Before the beginning of a complex inspection, the team leader (or the inspector
responsible for an orientation inspection) asks the headteacher to prepare some
statistical data unavailable on CSI's database or no longer up-to-date, such as staff
qualifications, pupil numbers, timetables etc.

During the interview with the headteacher, the inspector asks for all required
documentation, which reflects and determines the work and activities of the school.

The Inspectorate is also interested in the results of the pupils in the entrance
examinations for secondary schools or in their results in final examinations, such as
the "Maturita". The perusal of the school documentation by the Inspectorate is the
basic source of information about the school.

f. The Use of National Data

Inspectors use national statistical data on the educational system, such as data on
pupils, teachers, schools, salaries, equipment, etc. The data are gathered from the
Institute for Information on Education (which possesses a register of school
networks, basic data obtained at the start of the school year, etc.) and from basic
departmental analyses, annual reports on the schools' self-evaluation and other
documents on school policy. Every three months the inspectorate analyses the
information on its own database, containing the outcomes of inspections.


a. Instruments

All the inspectors of the CSI use a common approach to complex and orientation
inspections, described in "The Handbook of a School inspector', developed by the
CSI and in use since 1995. The handbook was last updated in September 1997. The
approaches advocated harmonise the methods and work of inspectors throughout
the Czech Republic. It determines both the content and the form of inspection
reports. It facilitates the standardisation, revision and updating of methods.

The handbook contains a framework for inspection, with indicators and evaluation
criteria and guidelines. The same handbook is used for inspecting nursery, primary,
secondary, higher and special schools. However, it contains specific guidelines for
inspecting different kinds of schools.

In order to arrive at valid judgements, inspectors use evaluative criteria or indicators
to ascertain the strengths and weaknesses of a particular school. Each indicator
consists of a number of performance criteria. The performance criteria are
descriptions of a particular aspect of school provision, indicating whether such
provision is good (through the use of positive performance criteria) or poor (through
the use of negative criteria). Inspectors use these indicators in the evaluation of
related aspects of provision. The same set of indicators is used for evaluating
schools in the various education sectors.

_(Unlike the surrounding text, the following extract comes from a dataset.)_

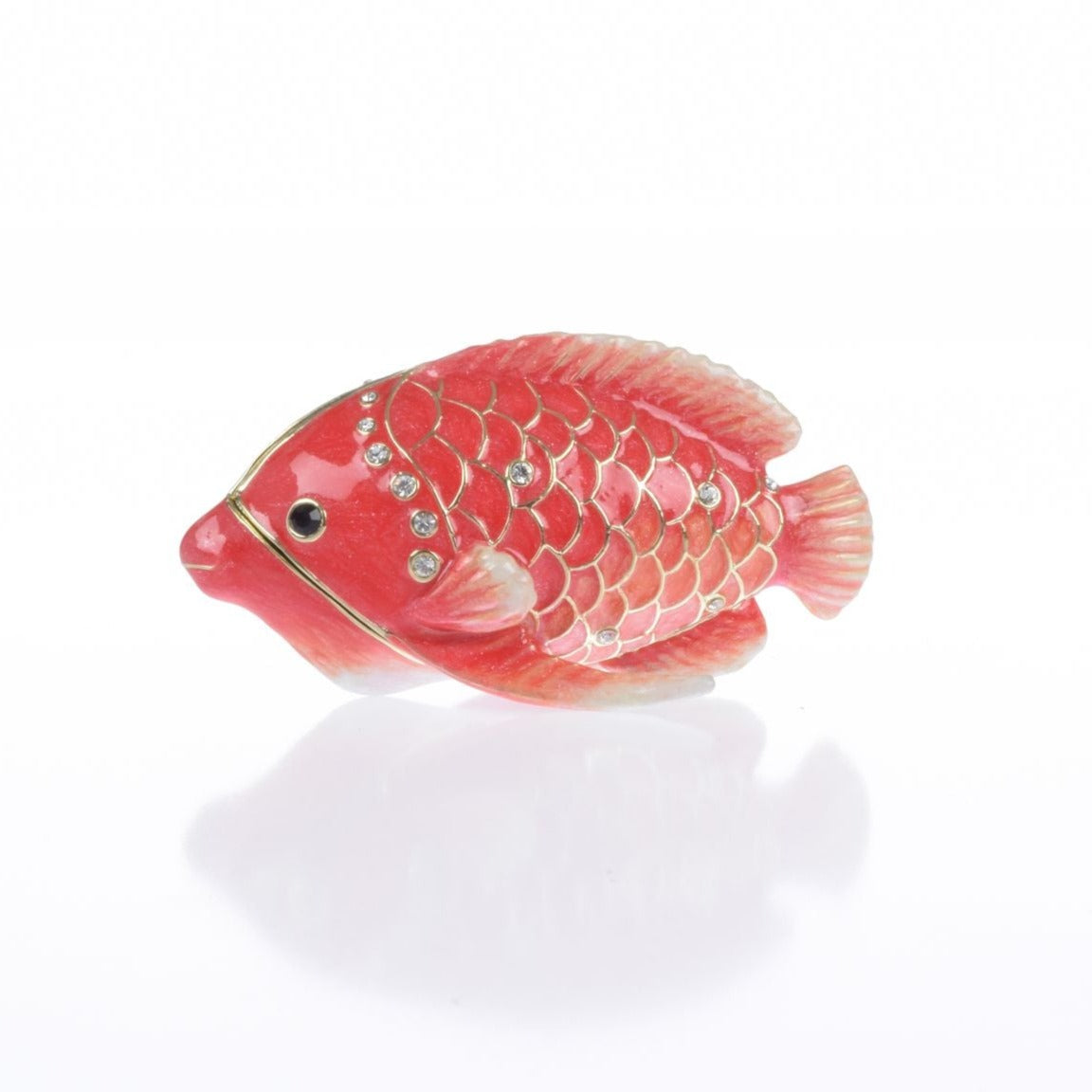 Red Snapper Fish trinket box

Performance criteria related to the vision and planning of the school management are
appended as examples:

    Positive performance criteria (when these circumstances are observed a
     favourable assessment is given):
     The school has clearly-stated, long-term aims; the strategy for the school is
        written down or clearly articulated;
     E the principles of the school policy are clear and accepted by parents,
        teaching staff and governors; E the planned tasks are implemented and
        evaluated, the management has evaluation tools, and the feedback is
     the number of pedagogical meetings is appropriate in terms of frequency,
        effectiveness and content.

   Negative performance criteria (leading to unfavourable assessment):

       Long-term objectives are not clearly determined;
       the school policy is not implemented;
       planned tasks are not monitored or assessed, there are no evaluation tools
        and no feedback;
       the pedagogical meetings are without a clear agenda, they focus mainly on
        current matters;
       principal pedagogical problems are unsolved.

b. Teamwork and Individual Work

Complex inspections can only be carried out by a team of at least two inspectors.
Orientation inspections are largely the work of individual inspectors, although in some
complicated cases inspectors also work in teams. In topical inspections, individual
inspectors monitor aspects of provision, and aim to obtain up-to-date information as
quickly as possible.

The number of inspections carried out by individual inspectors is greater than the
number of team inspections to a ratio of 5:1.

Since 1995, there has been a preference for teamwork, but it is less economical in
terms of Inspectorate resources.


Each school undergoing a complex inspection is evaluated according to standardised
criteria and using an evaluation scale. The school is assessed on a seven-point
scale, but the results of this assessment are entered only on the Inspectorate's
database and do not form part of the school report. Recommendations for future
action are set out in the conclusion to the report, in accordance with the findings of
the inspection.

The findings of the complex inspections carried out in 1997 show that 60% of the
schools received a favourable assessment, 10% received an unfavourable
assessment, and the remaining 30% were deemed to be average schools. On the
whole, multi-year "Gymnc@zia" and basic schools received better assessments than
Secondary Vocational Schools.

If the evaluation is completely negative, the Inspectorate recommends an immediate
solution: for example, the headteacher may be dismissed or the school may be
removed from the State-maintained network. If the latter occurs, the school ceases to
receive State funding, and may no longer issue official end-of-courses certificates. In
the school year 1996-1997, the Inspectorate recommended that 17 schools (all
private) be removed from the network; all these recommendations were accepted by
the Ministry. This number represents 1.5% of the total number of private schools in
the Czech Republic. The inspection determines the amount of State funding
allocated to private schools. The decision to increase or decrease State-allocated
funding is taken by the Ministry, not the Inspectorate.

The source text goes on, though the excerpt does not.